Jacob asks about crop rotation:
“I live in the Upper Midwest (Zone 5a), and thought with the recent cold snap, I might spend some time planning our garden for 2024. I’ve watched many of your videos and read several of your books, so I started searching for your ideas on crop rotation and succession planting… and didn’t really find any. I think I remember some ideas you shared in Grow or Die – a six or eight crop rotation, maybe? – but didn’t really find anything on your Youtube channel or website.So, I think I have my answer already – it’s probably more important to just get something in the ground, mix it up, and not plant something back-to-back in the same spot every year – but if you have time, I’d like a more explicit answer: what are your opinions on planned crop rotation and succession by plant family? In your experience and reading, is there any advantage to following certain plant families with others when planting in the same spot – for example, brassicas with nightshades, etc.?”
Though I did write about crop rotation in Grow or Die, I’ve stopped paying much attention to it over the years.
We don’t completely disregard it as a practice, but we spend little time planning rotations.
It works more like this:
In February of 2023, we planted potatoes in a patch of garden that was previously a lawn.
After we harvested the potatoes, we planted the area with a cover crop of sunn hemp.
We slashed that down and cover the area with woven nursery fabric in the fall.
Next month, we’ll plant it with something else. Probably cabbages or radishes. Or maybe corn.
Then next year, it’ll probably be planted in potatoes again. Who knows?
We have various garden areas and styles we use, from row gardens to tighter, highly improved beds, to our Grocery Row Gardens.

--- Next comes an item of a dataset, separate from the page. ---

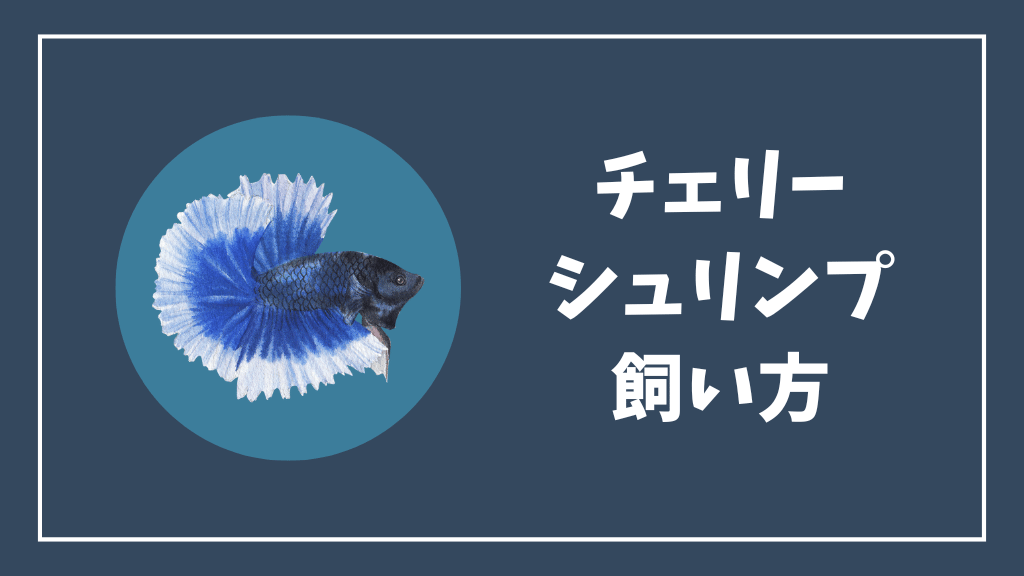 チェリーシュリンプの飼い方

What I’ve realized over the years is that nature doesn’t rotate crops all that much. Generally, if you have cleavers or chickweed or some other weed growing in a patch, that same patch tends to self-seed and regrow year after year. It may have some different plants growing there at other times of the year, but it’s often growing the same things year after year.
If we’re tearing the ground down to bare soil and replanting the same crop without anything else growing at other times, crop rotation may be more important. It’s also more important to rotate if we’re growing a crop without adding any nutrients back to the soil before we grow it again. If potatoes are pulling what they need from the ground, and then we plant them again and again without properly re-mineralizing the soil, we’re likely to get deterioration in quality and yields. We’re also likely to have a build-up of potato pests and diseases.
Yet if we grow potatoes, then follow them with peas, then follow the peas with mustard, we’ve probably starved out the potato pests, or confused them until they left, or they were consumed by something else.
We don’t try to get “perfect” rotations. We just don’t plant the same thing in the same spot repeatedly.
That said, I had a neighbor in Florida who planted the same zipper peas in the same spot year after year and always seemed to do fine with them.
In the Grocery Row Gardens, we have perennials that stick around for years, with annuals that come and go as we find gaps to plant them. Some think that keeping certain plant species around from year-to-year, even annuals, may keep their beneficial bacteria and fungi in the soil for them, making them grow better rather than worse. Perhaps this balances the pests that would also remain. I don’t know. But I don’t sweat over rotation all that much.
And I bet if I put some compost on the old potato patch and replanted it this spring, it would do just fine.
There is obviously some benefit in rotating legumes with other crops, since they add nitrogen. See: corn / soybean rotations in commercial farming. Or cotton / peanut here in the South.
Nature is complex and filled with variables. We just do our best to figure out what works. Yet I wouldn’t worry too much with trying to get things perfect.